* [EXERCISE]
Using the data that follows, return exactly the lines from the one that contains "Haus kaufen in" through the one that contains "中方2次擦肩而过，没让米莱醒悟，不到3天，阿根廷50万人大罢工", ends included.

* [GIVEN RECORDS]
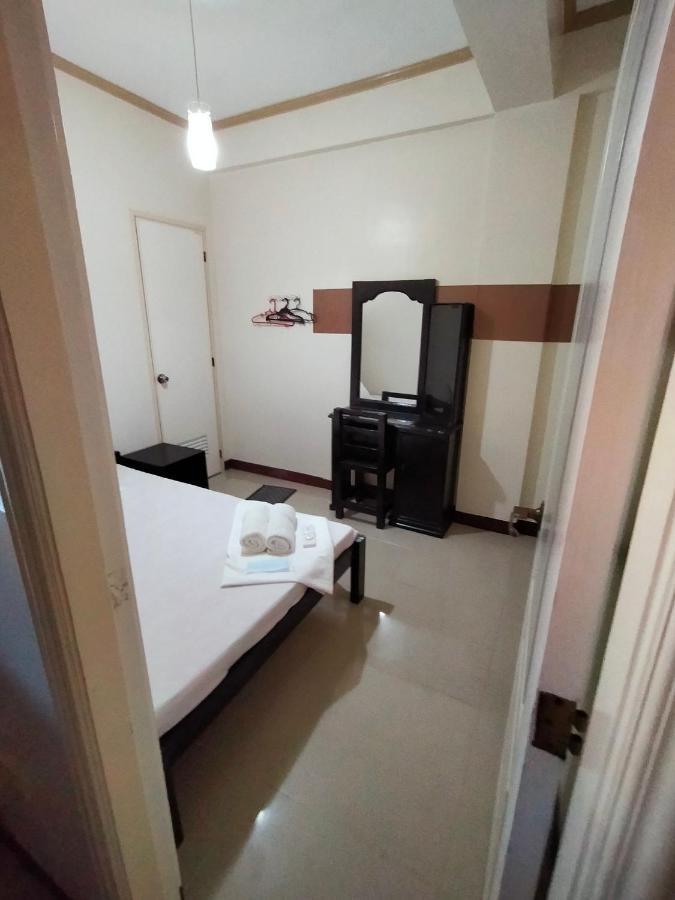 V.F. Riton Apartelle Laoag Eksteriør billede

--

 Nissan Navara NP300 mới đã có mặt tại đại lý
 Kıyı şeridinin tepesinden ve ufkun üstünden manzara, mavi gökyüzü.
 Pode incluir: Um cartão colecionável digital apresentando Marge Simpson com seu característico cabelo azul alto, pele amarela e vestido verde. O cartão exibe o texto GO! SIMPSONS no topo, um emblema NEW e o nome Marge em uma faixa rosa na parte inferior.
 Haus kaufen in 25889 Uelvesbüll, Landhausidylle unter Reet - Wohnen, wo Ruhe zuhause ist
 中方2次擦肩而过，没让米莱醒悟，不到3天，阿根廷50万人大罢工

* [ANSWER BELOW]
 Haus kaufen in 25889 Uelvesbüll, Landhausidylle unter Reet - Wohnen, wo Ruhe zuhause ist
 中方2次擦肩而过，没让米莱醒悟，不到3天，阿根廷50万人大罢工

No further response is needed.